Pagina:Bosboom-Toussaint, Het Huis Honselaarsdijk in 1638 enz. (1886).pdf/268

Uit Wikisource
Deze pagina is proefgelezen

— Volg ons straks, wij hebben u nog een en ander te zeggen, dat niet voor alle ooren is, vervolgde de Prins tot Diedrik; daarop tot den jongen Prins: — Mijn zoon! groet Hare Majesteit tot afscheid.

— Maar, Uwe Hoogheid! ik meende nog…

— Het verdere zal ik met Mijnheer den Vicomte hebben af te spreken, die mij zeker wel zal willen verzellen tot de diergaarde, ik wensch mij een weinig daarbuiten te vertreden; met u, Jonkvrouw d’Arcy! wensch ik nog een onderhoud te hebben eer ik van hier ga, wees zoo goed mij over een half uur in het paviljoen der Prinses op te wachten…

— Ridder René de l’Espine! ook met u heb ik een woordje te spreken, volg ons.
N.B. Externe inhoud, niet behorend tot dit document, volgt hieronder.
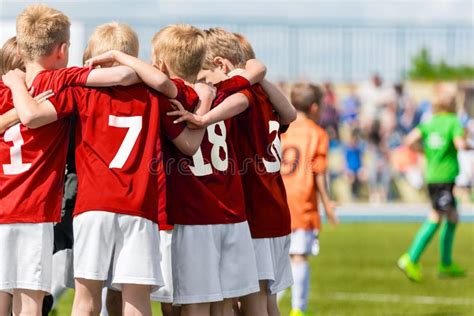 Equipe De Futebol Dos Meninos Academia Do Futebol Das Crian As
En ondanks de zichtbare spijt van Maria de Medicis, nam de Prins zijn afscheid en verliet het vertrek, vergezeld door de personen, die hij zelf had aangewezen.
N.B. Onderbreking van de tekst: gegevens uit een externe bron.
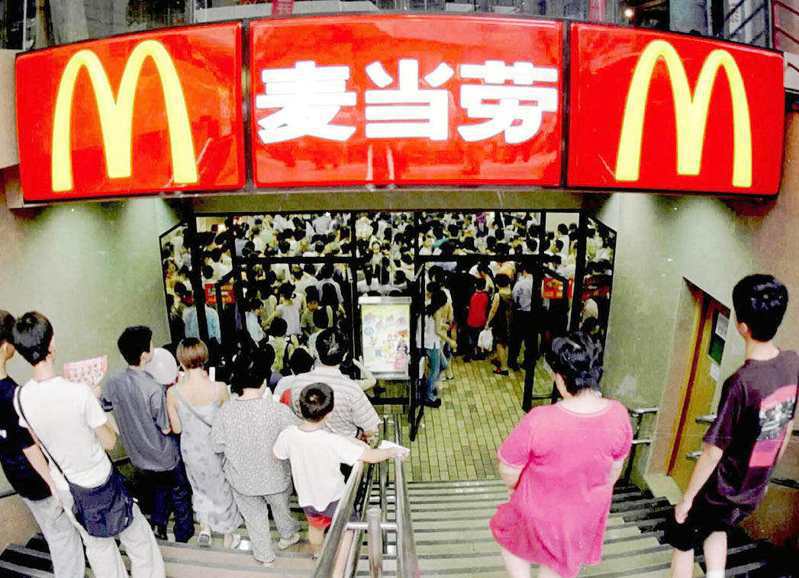 中國麥當勞今起漲價3%，13.9元的「窮鬼套餐」不漲價。(美聯社)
— Duld ten minste, dat ik den jongen Erfprins van Oranje nog eene wijle met mij houde! zeide de Koningin.

— Ik kan voor mijn zoon zoo vereerenden wensch niet afslaan sprak Frederik Hendrik, en te meer, hij blijft hier in een gezelschap, dat hem niet zoo licht vervelen zal, als de meester stukken van onzen vriend Honthorst.

— En wie weet, hoe dat uw hijlik vordert, Genadige Heer glimlachte Honthorst, terwijl hij den jongen Prins een handschoen reikte, dien deze had laten vallen.